TASK ITEM
Copy each line below as written, but skip the pictures.

EXERCISE MATERIALS
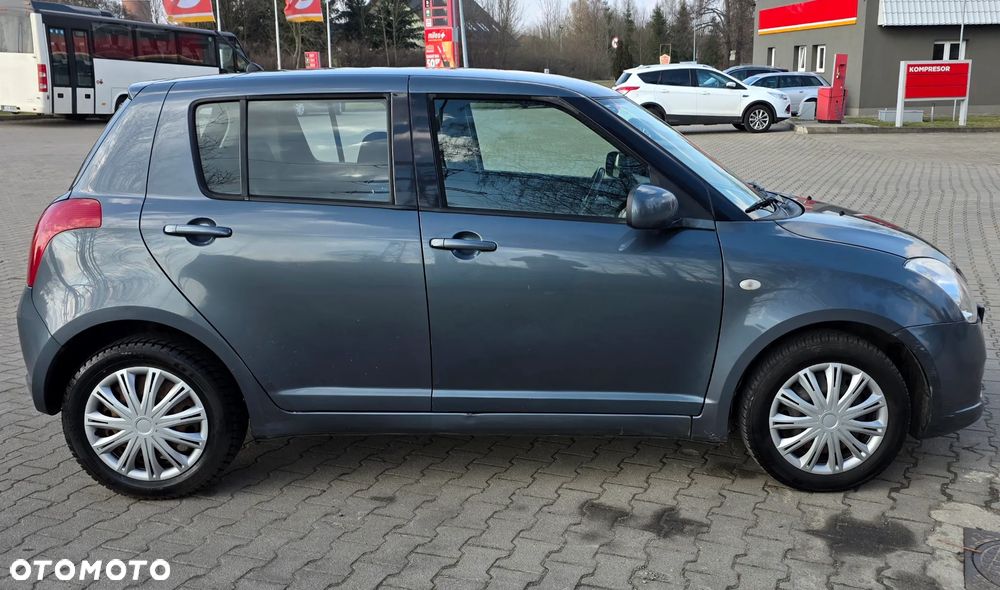 Suzuki Swift - 8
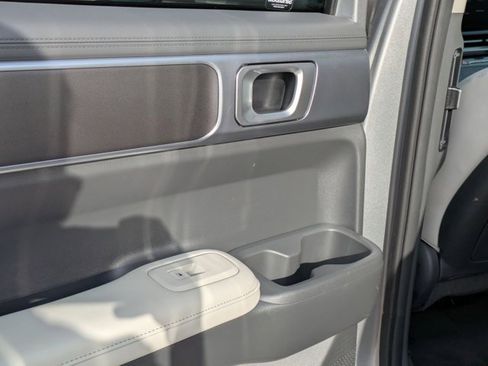 Used 2025 Hyundai Santa Fe SEL image 21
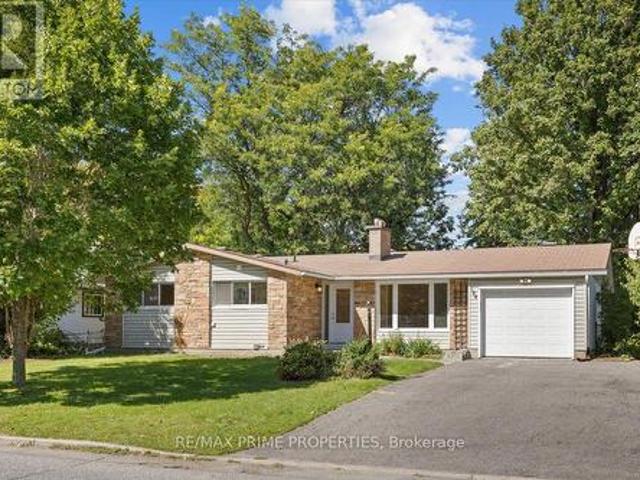 104 Queensline Drive, Ottawa, ON, K2H 7J5 house for sale | Listing ID X13784 | Royal LePage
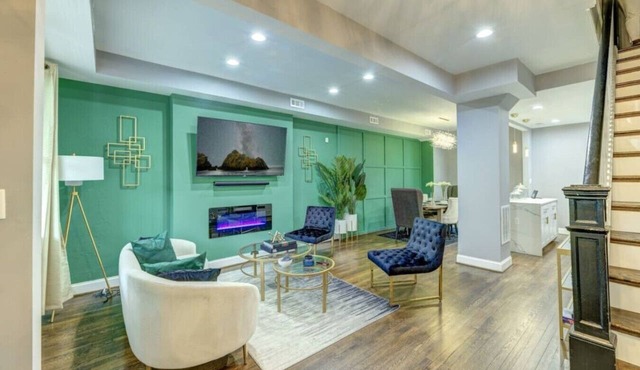 Spacious 4BR DC Home | 2 Parking Spots | Sleeps 8 in Washington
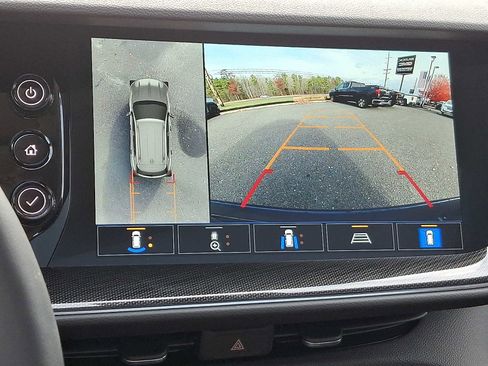 Certified 2022 Buick Envision Essence w/ Technology Package I image 21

TASK SOLUTION
 Suzuki Swift - 8
 Used 2025 Hyundai Santa Fe SEL image 21
 104 Queensline Drive, Ottawa, ON, K2H 7J5 house for sale | Listing ID X13784 | Royal LePage
 Spacious 4BR DC Home | 2 Parking Spots | Sleeps 8 in Washington
 Certified 2022 Buick Envision Essence w/ Technology Package I image 21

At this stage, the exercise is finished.